Change #1059914 had a related patch set uploaded (by Milimetric; author: Milimetric):

[analytics/analytics.wikimedia.org@master] Add temporary dashboard pointing to old data

https://gerrit.wikimedia.org/r/1059914

Change #1059914 merged by Milimetric:

[analytics/analytics.wikimedia.org@master] Add temporary dashboard pointing to old data

https://gerrit.wikimedia.org/r/1059914

Change #1049281 merged by Milimetric:

[analytics/refinery@master] Implement new way to aggregate browser statistics

https://gerrit.wikimedia.org/r/1049281

Status update on this: the new job is running, I'm going to keep it here until we vet the data. But new data should start showing up right away, and we can compare dashboards side by side and day by day:

UPDATE: the below didn't work, I just ended up deleting the DAG and setting its start date to 2015-06-01

For reference, I cleared all the tasks that this dag ran, and that will refresh data for 2 years. We can decide then if we want to do the full history:

analytics@an-launcher1002:/home/milimetric$ airflow-analytics tasks clear -e 2024-08-05 -s 2015-06-01 browser_general_daily

The backfill job should be done sometime this weekend, and I'll rerun the weekly job then.

Change #1062044 had a related patch set uploaded (by Milimetric; author: Milimetric):

[analytics/refinery@master] Remove scripts related to old hive version

https://gerrit.wikimedia.org/r/1062044

Change #1062044 merged by Milimetric:

[analytics/refinery@master] Remove scripts related to old hive version

https://gerrit.wikimedia.org/r/1062044

the new graphs are up. The pivot transformation failed for all the browser family reports, so I'm still fixing that. But, for example, we can now compare these two:

old data: https://analytics.wikimedia.org/dashboards/browsers-previous/#mobile-site-by-browser/browser-family-timeseries
new data: https://analytics.wikimedia.org/dashboards/browsers/#mobile-site-by-browser/browser-family-timeseries

NOTE: With the new detail, some of the line graphs are automatically hiding lines. Dashiki automatically shows only the top 5 if there are more than 40. This is hard-coded but can be easily changed or made configurable, let me know what you think.

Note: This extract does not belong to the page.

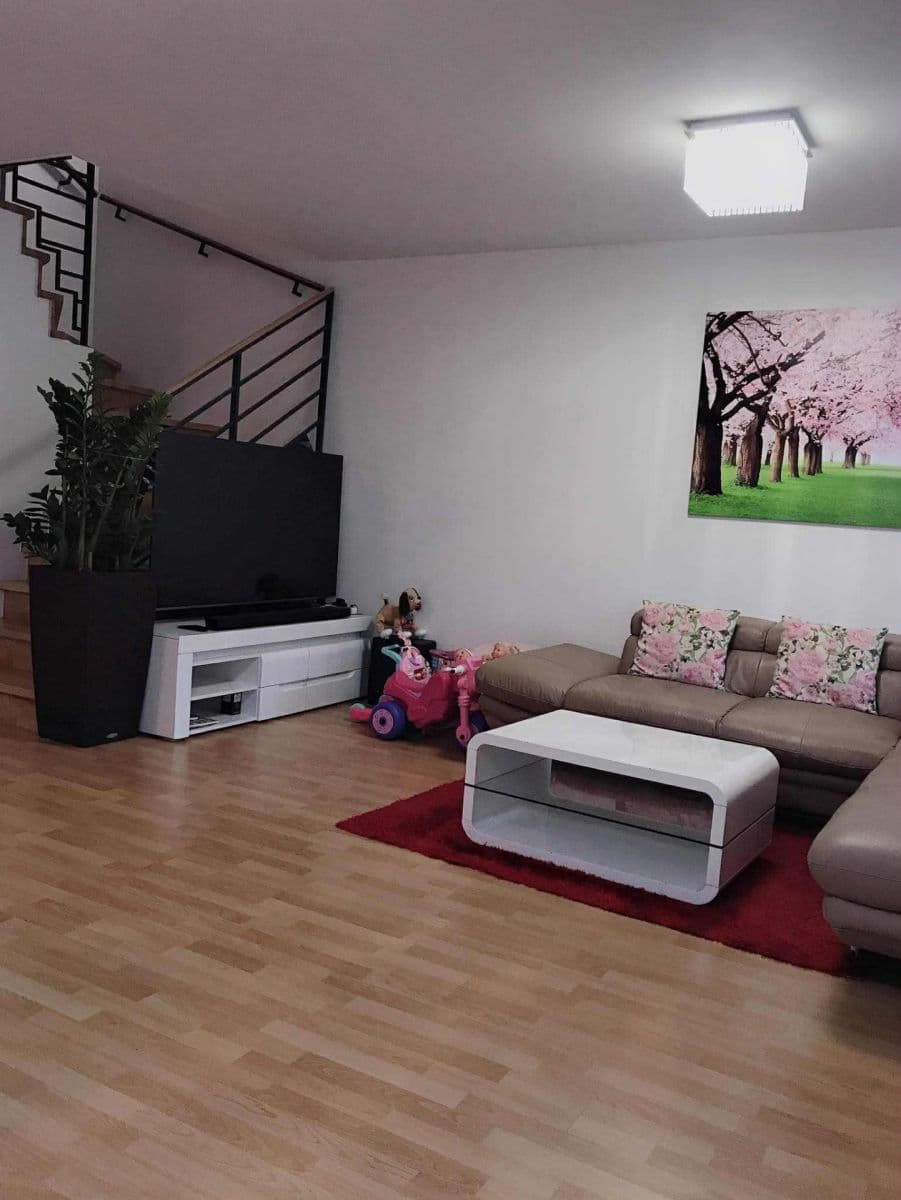 Prenájom domu 240 m², pozemek 240 m², Předenická, Praha, Praha Prenájom domu 240 m², pozemek 240 m², Předenická, Praha, Praha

Hm.. it seems the "Other" bucket has grown slightly larger than our predictions of 0.26% prediction at T342267#9998984. That could be fine, but wanted to share it in case it's surprising:

  • All by browser: Other 1.0%
  • All by OS: Other 0.89%
  • Desktop by OS: Other 1.2%
  • Desktop by browser: Other 1.5%

This is from the new data in sunburst graphs for 2024-07-08—today (i.e the default).

From what I can see, "Redacted" is used for browser versions under a browser family, or under "Other", and e.g. for OSes under a browser (in "by OS and browser"). The top level has no "Redacted" afaik. But either way, that would be in addition to the above, so for now I'm looking at the top-level "Other" only.

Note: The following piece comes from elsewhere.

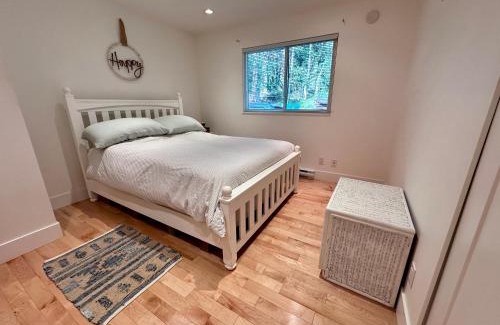 Mayne Island Bed & Breakfast | The Grove B&B Mayne Island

Hm.. it seems the "Other" bucket has grown slightly larger than our predictions of 0.26% prediction at T342267#9998984

This is going to probably confuse a lot of people so I have to be very careful in wording and documentation. But I think this makes sense.

The "Other" that we're seeing now is just coming from UA parser actually identifying the stuff as "Other". There was some old data remaining because of a few failed tasks (all cleaned up now, should sync soon).

The thing that we figured would be ~ 0.26% in total would be all the items with "Redacted" in every dimension added together. So I see values like that, for example on 2024-05-05 in this table.

If that's still ok, then we're good. If you think it's too confusing, let's talk.

Hm.. it seems the "Other" bucket has grown slightly larger than our predictions of 0.26% prediction at T342267#9998984

[…] The "Other" that we're seeing now is just coming from UA parser actually identifying the stuff as "Other". […]

The thing that we figured would be ~ 0.26% in total would be all the items with "Redacted" in every dimension added together. […]

I see. This'll take some getting used to, but I agree this makes sense.

So to confirm, this means:

  • over 1% of page views (after deducting known bots and spiders) are coming from clients with user agents that are entirely unknown to ua-parser. That is, the "Other" is already there in the raw wmf.webrequest_text dataset, and we've not created or normalized anything else to "Other".
  • 0.26% is "Redacted" where we replace/normalize/summarise for privacy reasons browser/OS names in our pipeline.

I think that's a great outcome for this task. It's useful to learn that that we have 1% of "real" Other in our "user" pageviews. It's higher than might seem ideal, but it reflects the reality, and not an isuse with the Browsers dataset..

I'm curious what common patterns in recent unsanitized webrequest data might exist where user_agent_map.browser_family=Other. This may inform updates to ua-parser. Or, perhaps more likely, improvements to our Bot/Spider definition. Considering how large the list of recognised browsers is in the upstream ua-parser software, it seems unlikely to me that we'd have so many millions of pageviews every week from truly unknown browsers. I suspect these are ad-hoc scripts and bots scraping Wikipedia with novel/unique UA strings that don't follow the convention of including the word "Bot", and are not prominent enough to be explicitly listed as spiders/bots by us. Maybe? (The assumption I'm making is that we default a pageview to "user" unless classified as "bot" or "spider", and that we don't classify unknown UAs as bot or spider currently. I've not verified this assumption.)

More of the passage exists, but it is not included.